Think about what they're saying here. They don't seem to have the slightest idea of what people go through to get into this country and get a job scrubbing our toilets. Every year, some 300,000 people cross the border illegally into the United States. On average, one dies about every day. They come into the U.S. undocumented, take poorly-paying jobs with little or no basic benefits like health care and live in slum conditions. Another average of one a day die in these jobs because there's little federal oversight into working conditions. Those with legitimate employment pay into a Social Security fund they will never see a nickel of because they are equipped with someone else's Social Security number. Illegal migrants are exploited; and this is a human right?
Illegal immigrants are shit upon by every facet of society.
The liberal bastion that complain about East L.A. sweatshops and unfair labor laws are the first to clamor on about "human rights" every time U.S. Immigration and Customs Enforcement pull a workplace raid as if sustaining a slave labor class is acceptable.

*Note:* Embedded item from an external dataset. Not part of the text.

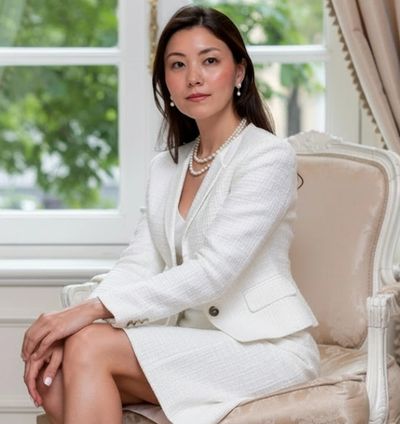 Elegant woman in white suit sitting gracefully on a luxurious chair.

The conservatives, those who aren't simply racist, see no problem employing illegal immigrants at reduced costs using the pretext that nobody works harder than a Mexican.
The Mexican government, always silent about its people's living conditions in the U.S., now complain that 1070 is dangerous to its citizenry. This method of passage into the U.S. is apparently of no concern to Mexico City:
Earlier this month, I covered a story in Phoenix about a shuttle van smuggling case that the Feds took down. The arrests swept across Arizona with more than 50 people taken down and came within two days of the state senate's approving 1070. At a press conference I covered later that day, Assistant ICE Secretary John Morton was asked about 1070 and the idea of Arizona enforcing federal immigration law.

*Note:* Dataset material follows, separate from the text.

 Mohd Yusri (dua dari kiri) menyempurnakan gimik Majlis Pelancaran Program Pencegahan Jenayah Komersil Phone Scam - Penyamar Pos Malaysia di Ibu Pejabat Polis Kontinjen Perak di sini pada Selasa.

"We need federal comprehensive immigration reform," Morton responded. "What we don't need is a patchwork of state laws."
He's right; so where is it? I've been hearing about federal comprehensive immigration reform since January 2004 when Pres. George Bush gave his famous "our borders are broken" speech.
With the passage of the healthcare bill last month, it was believed Obama would start in on immigration reform because of the healthcare bill's backing by the Hispanic Caucus.
Senate Majority Leader Harry Reid swore two weeks ago that immigration reform would be introduced to the Senate floor in 2010. He's wrong. Congress is tackling jobs and energy legislation right now, then the Supreme Court nominations are coming up in the summer. By the fall, when Congress returns from vacation, mid-term elections will be coming up and every legislator will be busy campaigning.
Of course, that was before 1070 became a real issue. Arizona just lobbed a frag grenade into the comfort policy of ignoring illegal immigrants. People around the country are hell-bent on punishing Arizona for the bill but so far, there has been no other action taken that comes close to forcing the management of immigration out of the shadows and onto the table.